*Exercise brief*:
Print every record below exactly as it stands.

+===+

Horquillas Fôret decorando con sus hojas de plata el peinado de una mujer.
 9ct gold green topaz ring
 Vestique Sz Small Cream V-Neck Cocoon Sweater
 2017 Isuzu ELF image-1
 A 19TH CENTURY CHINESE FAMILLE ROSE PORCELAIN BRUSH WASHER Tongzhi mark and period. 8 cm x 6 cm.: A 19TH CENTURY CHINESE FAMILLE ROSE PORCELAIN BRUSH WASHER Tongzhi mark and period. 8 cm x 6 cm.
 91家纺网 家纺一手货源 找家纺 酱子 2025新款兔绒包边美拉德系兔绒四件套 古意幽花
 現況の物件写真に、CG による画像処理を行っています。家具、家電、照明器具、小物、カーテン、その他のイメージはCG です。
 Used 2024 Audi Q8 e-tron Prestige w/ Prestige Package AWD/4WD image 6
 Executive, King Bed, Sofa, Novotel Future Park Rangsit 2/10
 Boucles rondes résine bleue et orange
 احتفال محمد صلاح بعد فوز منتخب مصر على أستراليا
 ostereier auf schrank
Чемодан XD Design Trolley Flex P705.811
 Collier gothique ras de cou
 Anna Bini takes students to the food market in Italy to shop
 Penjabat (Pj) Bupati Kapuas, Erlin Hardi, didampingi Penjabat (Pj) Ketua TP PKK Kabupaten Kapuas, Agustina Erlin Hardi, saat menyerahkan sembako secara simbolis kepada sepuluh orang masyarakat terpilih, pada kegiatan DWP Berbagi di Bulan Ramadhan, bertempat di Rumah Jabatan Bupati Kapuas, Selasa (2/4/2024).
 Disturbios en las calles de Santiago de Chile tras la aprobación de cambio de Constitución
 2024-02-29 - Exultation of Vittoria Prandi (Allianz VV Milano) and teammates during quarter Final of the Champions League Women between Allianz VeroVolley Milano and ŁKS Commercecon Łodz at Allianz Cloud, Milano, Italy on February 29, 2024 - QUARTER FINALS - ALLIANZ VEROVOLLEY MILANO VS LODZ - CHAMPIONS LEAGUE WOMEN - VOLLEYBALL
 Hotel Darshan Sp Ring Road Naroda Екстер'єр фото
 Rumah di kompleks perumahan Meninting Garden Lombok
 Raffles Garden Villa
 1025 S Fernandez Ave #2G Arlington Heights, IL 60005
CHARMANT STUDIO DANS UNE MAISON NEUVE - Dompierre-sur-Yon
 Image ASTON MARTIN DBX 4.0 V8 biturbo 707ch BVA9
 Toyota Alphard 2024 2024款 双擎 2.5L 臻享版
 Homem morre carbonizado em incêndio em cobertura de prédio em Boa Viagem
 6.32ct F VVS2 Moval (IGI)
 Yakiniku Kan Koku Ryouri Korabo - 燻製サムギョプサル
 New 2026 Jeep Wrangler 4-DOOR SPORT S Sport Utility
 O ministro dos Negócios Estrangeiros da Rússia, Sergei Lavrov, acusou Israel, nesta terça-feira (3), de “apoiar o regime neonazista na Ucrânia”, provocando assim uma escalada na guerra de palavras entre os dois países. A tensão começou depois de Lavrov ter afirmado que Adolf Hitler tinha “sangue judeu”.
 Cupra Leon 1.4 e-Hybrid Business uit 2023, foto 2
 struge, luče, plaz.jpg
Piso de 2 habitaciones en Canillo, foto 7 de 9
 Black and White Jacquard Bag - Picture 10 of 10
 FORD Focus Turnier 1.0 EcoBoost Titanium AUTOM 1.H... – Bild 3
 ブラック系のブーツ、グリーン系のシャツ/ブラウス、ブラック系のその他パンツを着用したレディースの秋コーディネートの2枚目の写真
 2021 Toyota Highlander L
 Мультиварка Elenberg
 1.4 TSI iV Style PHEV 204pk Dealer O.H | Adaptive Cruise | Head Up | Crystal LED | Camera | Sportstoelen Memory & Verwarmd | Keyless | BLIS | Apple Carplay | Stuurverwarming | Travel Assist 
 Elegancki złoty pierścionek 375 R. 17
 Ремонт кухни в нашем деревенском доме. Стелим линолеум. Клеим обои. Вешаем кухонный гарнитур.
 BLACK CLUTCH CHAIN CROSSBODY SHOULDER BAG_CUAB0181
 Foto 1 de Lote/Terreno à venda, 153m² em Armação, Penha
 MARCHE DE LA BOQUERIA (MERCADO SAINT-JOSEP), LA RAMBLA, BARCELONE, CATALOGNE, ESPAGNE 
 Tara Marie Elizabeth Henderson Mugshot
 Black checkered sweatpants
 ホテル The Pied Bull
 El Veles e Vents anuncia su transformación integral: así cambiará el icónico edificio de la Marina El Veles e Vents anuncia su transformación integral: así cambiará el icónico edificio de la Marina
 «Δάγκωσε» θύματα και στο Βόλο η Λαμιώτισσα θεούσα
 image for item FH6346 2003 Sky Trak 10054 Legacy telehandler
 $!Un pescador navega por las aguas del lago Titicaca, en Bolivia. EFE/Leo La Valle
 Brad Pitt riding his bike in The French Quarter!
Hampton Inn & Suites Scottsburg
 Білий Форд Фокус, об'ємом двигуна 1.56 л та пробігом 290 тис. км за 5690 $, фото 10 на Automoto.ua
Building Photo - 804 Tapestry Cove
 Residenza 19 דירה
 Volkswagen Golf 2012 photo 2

+===+

*Output for this exercise*:
Horquillas Fôret decorando con sus hojas de plata el peinado de una mujer.
 9ct gold green topaz ring
 Vestique Sz Small Cream V-Neck Cocoon Sweater
 2017 Isuzu ELF image-1
 A 19TH CENTURY CHINESE FAMILLE ROSE PORCELAIN BRUSH WASHER Tongzhi mark and period. 8 cm x 6 cm.: A 19TH CENTURY CHINESE FAMILLE ROSE PORCELAIN BRUSH WASHER Tongzhi mark and period. 8 cm x 6 cm.
 91家纺网 家纺一手货源 找家纺 酱子 2025新款兔绒包边美拉德系兔绒四件套 古意幽花
 現況の物件写真に、CG による画像処理を行っています。家具、家電、照明器具、小物、カーテン、その他のイメージはCG です。
 Used 2024 Audi Q8 e-tron Prestige w/ Prestige Package AWD/4WD image 6
 Executive, King Bed, Sofa, Novotel Future Park Rangsit 2/10
 Boucles rondes résine bleue et orange
 احتفال محمد صلاح بعد فوز منتخب مصر على أستراليا
 ostereier auf schrank
Чемодан XD Design Trolley Flex P705.811
 Collier gothique ras de cou
 Anna Bini takes students to the food market in Italy to shop
 Penjabat (Pj) Bupati Kapuas, Erlin Hardi, didampingi Penjabat (Pj) Ketua TP PKK Kabupaten Kapuas, Agustina Erlin Hardi, saat menyerahkan sembako secara simbolis kepada sepuluh orang masyarakat terpilih, pada kegiatan DWP Berbagi di Bulan Ramadhan, bertempat di Rumah Jabatan Bupati Kapuas, Selasa (2/4/2024).
 Disturbios en las calles de Santiago de Chile tras la aprobación de cambio de Constitución
 2024-02-29 - Exultation of Vittoria Prandi (Allianz VV Milano) and teammates during quarter Final of the Champions League Women between Allianz VeroVolley Milano and ŁKS Commercecon Łodz at Allianz Cloud, Milano, Italy on February 29, 2024 - QUARTER FINALS - ALLIANZ VEROVOLLEY MILANO VS LODZ - CHAMPIONS LEAGUE WOMEN - VOLLEYBALL
 Hotel Darshan Sp Ring Road Naroda Екстер'єр фото
 Rumah di kompleks perumahan Meninting Garden Lombok
 Raffles Garden Villa
 1025 S Fernandez Ave #2G Arlington Heights, IL 60005
CHARMANT STUDIO DANS UNE MAISON NEUVE - Dompierre-sur-Yon
 Image ASTON MARTIN DBX 4.0 V8 biturbo 707ch BVA9
 Toyota Alphard 2024 2024款 双擎 2.5L 臻享版
 Homem morre carbonizado em incêndio em cobertura de prédio em Boa Viagem
 6.32ct F VVS2 Moval (IGI)
 Yakiniku Kan Koku Ryouri Korabo - 燻製サムギョプサル
 New 2026 Jeep Wrangler 4-DOOR SPORT S Sport Utility
 O ministro dos Negócios Estrangeiros da Rússia, Sergei Lavrov, acusou Israel, nesta terça-feira (3), de “apoiar o regime neonazista na Ucrânia”, provocando assim uma escalada na guerra de palavras entre os dois países. A tensão começou depois de Lavrov ter afirmado que Adolf Hitler tinha “sangue judeu”.
 Cupra Leon 1.4 e-Hybrid Business uit 2023, foto 2
 struge, luče, plaz.jpg
Piso de 2 habitaciones en Canillo, foto 7 de 9
 Black and White Jacquard Bag - Picture 10 of 10
 FORD Focus Turnier 1.0 EcoBoost Titanium AUTOM 1.H... – Bild 3
 ブラック系のブーツ、グリーン系のシャツ/ブラウス、ブラック系のその他パンツを着用したレディースの秋コーディネートの2枚目の写真
 2021 Toyota Highlander L
 Мультиварка Elenberg
 1.4 TSI iV Style PHEV 204pk Dealer O.H | Adaptive Cruise | Head Up | Crystal LED | Camera | Sportstoelen Memory & Verwarmd | Keyless | BLIS | Apple Carplay | Stuurverwarming | Travel Assist 
 Elegancki złoty pierścionek 375 R. 17
 Ремонт кухни в нашем деревенском доме. Стелим линолеум. Клеим обои. Вешаем кухонный гарнитур.
 BLACK CLUTCH CHAIN CROSSBODY SHOULDER BAG_CUAB0181
 Foto 1 de Lote/Terreno à venda, 153m² em Armação, Penha
 MARCHE DE LA BOQUERIA (MERCADO SAINT-JOSEP), LA RAMBLA, BARCELONE, CATALOGNE, ESPAGNE 
 Tara Marie Elizabeth Henderson Mugshot
 Black checkered sweatpants
 ホテル The Pied Bull
 El Veles e Vents anuncia su transformación integral: así cambiará el icónico edificio de la Marina El Veles e Vents anuncia su transformación integral: así cambiará el icónico edificio de la Marina
 «Δάγκωσε» θύματα και στο Βόλο η Λαμιώτισσα θεούσα
 image for item FH6346 2003 Sky Trak 10054 Legacy telehandler
 $!Un pescador navega por las aguas del lago Titicaca, en Bolivia. EFE/Leo La Valle
 Brad Pitt riding his bike in The French Quarter!
Hampton Inn & Suites Scottsburg
 Білий Форд Фокус, об'ємом двигуна 1.56 л та пробігом 290 тис. км за 5690 $, фото 10 на Automoto.ua
Building Photo - 804 Tapestry Cove
 Residenza 19 דירה
 Volkswagen Golf 2012 photo 2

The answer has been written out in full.